И вы скажете, что любили любовь?
Нет.
Стоил ли он ваших слез? Вы разве задумались? Вы никогда не посмели широко открыть глаза и оглянуться. Разве рядом с вами не шли другие, не менее юные, не менее достойные? Не менее готовые любить? Разве вы дерзнули протянуть им руку и сказать себе: „Жизнь все так же хороша, как была вчера, когда он любил меня. Буду жить и радоваться теперь, когда меня любит другой!..“
А быть может,
Она самоцель. Она довлеет. Она не ведает ни добра, ни зла. Ни обязательств, ни измены. У нее свои законы, свои таинственные пути. Кто знает, откуда она придет к нам? Когда постучится в нашу дверь? Быть может, нынче вечером? Быть может, завтра утром? Кто скажет, когда она, загадочная гостья, покинет нас? Разве вы знаете, где, в каком безбрежном пространстве встал вихрь, который мчится по земле? И куда мчится он? И что может оставить его?
Любовь та же стихия. Не старайтесь ее удержать! Она этого не прощает. Не упрекайте ее! Она глуха слезам. Она, как боги, не знает жалости. И кто скажет? Быть может, завтра смех ее зазвенит опять под вашим окном и затопит вашу душу золотой волной радости?
Шлите ей вслед одни благословения! Научитесь слепо повиноваться ее зову! И не все ли равно, кто принесет вам нынче эту божественную радость? Кто подаст вам эту опьяняющую чашу? Пейте ее до дна! И не бойтесь, что иссякнет радость! Она кругом. Она в мире. Она бессмертна…
…Вот вы сидите в долине, в мрачной долине скорби, и тихонько звените вашими цепями. Они заржавели от ваших слез и крови. Они впились в ваше тело. Но вы полюбили ваше рабство. И со слезами нежности целуете вы ваши цепи.

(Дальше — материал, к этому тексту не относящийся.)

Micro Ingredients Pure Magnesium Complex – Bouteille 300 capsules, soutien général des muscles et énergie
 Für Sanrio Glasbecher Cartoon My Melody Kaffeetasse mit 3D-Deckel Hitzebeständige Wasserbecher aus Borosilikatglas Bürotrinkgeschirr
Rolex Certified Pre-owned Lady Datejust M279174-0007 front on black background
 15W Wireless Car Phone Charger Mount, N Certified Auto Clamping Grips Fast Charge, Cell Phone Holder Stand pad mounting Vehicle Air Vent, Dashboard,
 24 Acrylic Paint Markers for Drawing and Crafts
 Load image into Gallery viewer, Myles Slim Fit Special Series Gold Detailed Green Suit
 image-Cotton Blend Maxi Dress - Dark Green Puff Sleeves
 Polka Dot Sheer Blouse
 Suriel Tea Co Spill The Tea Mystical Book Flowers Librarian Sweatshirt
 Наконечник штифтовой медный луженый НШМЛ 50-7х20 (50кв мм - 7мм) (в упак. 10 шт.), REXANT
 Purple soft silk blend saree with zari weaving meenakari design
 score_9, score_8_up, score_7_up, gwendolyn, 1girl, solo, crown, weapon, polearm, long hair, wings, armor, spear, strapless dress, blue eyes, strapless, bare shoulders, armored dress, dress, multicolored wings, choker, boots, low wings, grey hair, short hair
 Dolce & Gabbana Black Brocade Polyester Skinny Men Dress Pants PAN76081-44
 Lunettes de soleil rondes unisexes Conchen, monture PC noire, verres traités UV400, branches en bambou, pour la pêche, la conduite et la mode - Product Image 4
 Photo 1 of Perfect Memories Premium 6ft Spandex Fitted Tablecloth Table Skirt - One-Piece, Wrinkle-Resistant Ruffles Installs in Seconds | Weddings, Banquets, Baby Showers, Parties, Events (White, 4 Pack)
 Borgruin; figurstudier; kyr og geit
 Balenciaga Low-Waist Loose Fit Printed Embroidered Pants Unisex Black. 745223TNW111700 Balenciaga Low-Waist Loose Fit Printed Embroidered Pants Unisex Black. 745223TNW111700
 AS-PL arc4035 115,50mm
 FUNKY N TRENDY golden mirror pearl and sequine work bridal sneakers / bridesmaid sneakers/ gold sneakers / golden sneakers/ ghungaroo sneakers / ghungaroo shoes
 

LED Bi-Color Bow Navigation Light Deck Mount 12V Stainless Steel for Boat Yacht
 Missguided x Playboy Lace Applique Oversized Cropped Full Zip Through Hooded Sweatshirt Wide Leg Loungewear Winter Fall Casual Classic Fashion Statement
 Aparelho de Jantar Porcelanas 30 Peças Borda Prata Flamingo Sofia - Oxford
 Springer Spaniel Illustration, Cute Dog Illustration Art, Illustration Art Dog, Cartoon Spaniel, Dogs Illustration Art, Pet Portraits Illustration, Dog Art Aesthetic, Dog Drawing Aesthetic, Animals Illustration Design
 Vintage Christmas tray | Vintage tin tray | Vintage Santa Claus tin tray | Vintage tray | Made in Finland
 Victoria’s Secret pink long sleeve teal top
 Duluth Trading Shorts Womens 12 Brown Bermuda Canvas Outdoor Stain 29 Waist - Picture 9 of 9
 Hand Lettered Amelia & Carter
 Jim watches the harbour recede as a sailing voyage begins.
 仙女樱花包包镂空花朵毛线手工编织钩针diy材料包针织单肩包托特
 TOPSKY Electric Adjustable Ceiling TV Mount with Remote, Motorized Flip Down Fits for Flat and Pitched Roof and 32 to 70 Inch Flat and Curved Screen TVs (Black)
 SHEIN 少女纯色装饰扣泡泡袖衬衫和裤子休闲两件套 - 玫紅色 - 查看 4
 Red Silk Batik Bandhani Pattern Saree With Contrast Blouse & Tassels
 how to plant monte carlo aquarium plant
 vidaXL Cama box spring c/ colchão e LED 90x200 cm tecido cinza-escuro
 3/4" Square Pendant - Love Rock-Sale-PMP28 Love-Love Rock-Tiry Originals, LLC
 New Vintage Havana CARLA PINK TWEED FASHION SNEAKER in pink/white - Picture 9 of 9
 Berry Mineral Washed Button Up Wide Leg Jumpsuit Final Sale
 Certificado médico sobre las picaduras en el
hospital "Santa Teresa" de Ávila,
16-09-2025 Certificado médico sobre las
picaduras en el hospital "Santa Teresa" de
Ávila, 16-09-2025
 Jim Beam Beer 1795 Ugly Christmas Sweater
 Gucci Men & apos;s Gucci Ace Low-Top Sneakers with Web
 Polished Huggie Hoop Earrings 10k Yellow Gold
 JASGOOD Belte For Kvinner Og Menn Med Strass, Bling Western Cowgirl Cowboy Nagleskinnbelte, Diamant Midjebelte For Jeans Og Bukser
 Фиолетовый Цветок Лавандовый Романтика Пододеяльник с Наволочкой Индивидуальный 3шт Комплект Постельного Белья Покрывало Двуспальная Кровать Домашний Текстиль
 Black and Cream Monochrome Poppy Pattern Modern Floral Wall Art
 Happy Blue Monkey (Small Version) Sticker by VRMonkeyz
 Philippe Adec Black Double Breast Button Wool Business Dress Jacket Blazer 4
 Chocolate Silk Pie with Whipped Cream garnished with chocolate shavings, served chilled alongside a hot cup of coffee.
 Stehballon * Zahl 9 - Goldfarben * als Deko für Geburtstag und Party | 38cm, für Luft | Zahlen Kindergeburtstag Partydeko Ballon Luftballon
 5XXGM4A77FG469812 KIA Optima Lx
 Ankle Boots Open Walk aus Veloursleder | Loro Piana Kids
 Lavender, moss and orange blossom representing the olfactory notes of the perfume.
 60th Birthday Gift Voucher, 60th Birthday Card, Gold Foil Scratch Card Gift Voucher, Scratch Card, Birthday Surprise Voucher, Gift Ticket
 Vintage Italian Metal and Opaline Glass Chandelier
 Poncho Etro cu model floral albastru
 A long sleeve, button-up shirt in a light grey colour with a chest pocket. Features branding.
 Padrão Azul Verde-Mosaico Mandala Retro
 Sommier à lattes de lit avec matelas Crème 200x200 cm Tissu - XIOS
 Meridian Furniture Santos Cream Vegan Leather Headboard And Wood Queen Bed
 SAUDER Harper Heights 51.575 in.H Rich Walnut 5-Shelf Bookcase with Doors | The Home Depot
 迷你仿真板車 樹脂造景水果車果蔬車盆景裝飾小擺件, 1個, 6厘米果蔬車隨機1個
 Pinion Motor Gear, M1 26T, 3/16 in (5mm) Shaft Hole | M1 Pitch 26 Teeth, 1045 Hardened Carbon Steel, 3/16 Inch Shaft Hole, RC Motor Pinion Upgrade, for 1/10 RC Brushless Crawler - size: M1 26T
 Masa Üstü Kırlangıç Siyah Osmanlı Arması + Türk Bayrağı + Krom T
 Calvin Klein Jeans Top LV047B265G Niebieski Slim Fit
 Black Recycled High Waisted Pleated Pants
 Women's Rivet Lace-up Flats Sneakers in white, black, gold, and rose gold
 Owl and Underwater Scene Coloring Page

Вы слышали сказки. Сверкающие сказки о счастливой Элладе. Люди жили, смеялись, не стыдясь наготы, слагая гимны природе. Златокудрой Афродите воздвигали храмы.
Вы слышали другие сказки о вдохновенном веке Боккаччо и Рафаэля. Люди были дерзки. Смели жить. Смели любить.
И счастливый век маркизов и пастушек сохранял для вас сладостные легенды о любви, легкой, как кружево, беспечной и смеющейся, как пятна солнца на дорожке сада. Но не забывайте, что эти женщины умели также умирать на эшафоте.
Где все это?
Тяжелые сны оставит в наследство грядущим поколениям романтический, насыщенный любовью XIX век. Вместо златокудрой Афродиты он воздвиг храм Молоху-Любви. И кровавыми жертвами стремился умилостивить ненасытное божество. Муки ревности, слезы обманутых, страдания отвергнутых, проклятия измене — вот современные песни любви. Похоронные гимны над телами самоубийц.
Гибли силы. Гибли души.
За что?
И жизнь многоликая, многозвучная, со всеми сокровищами неизведанного прошла мимо вас.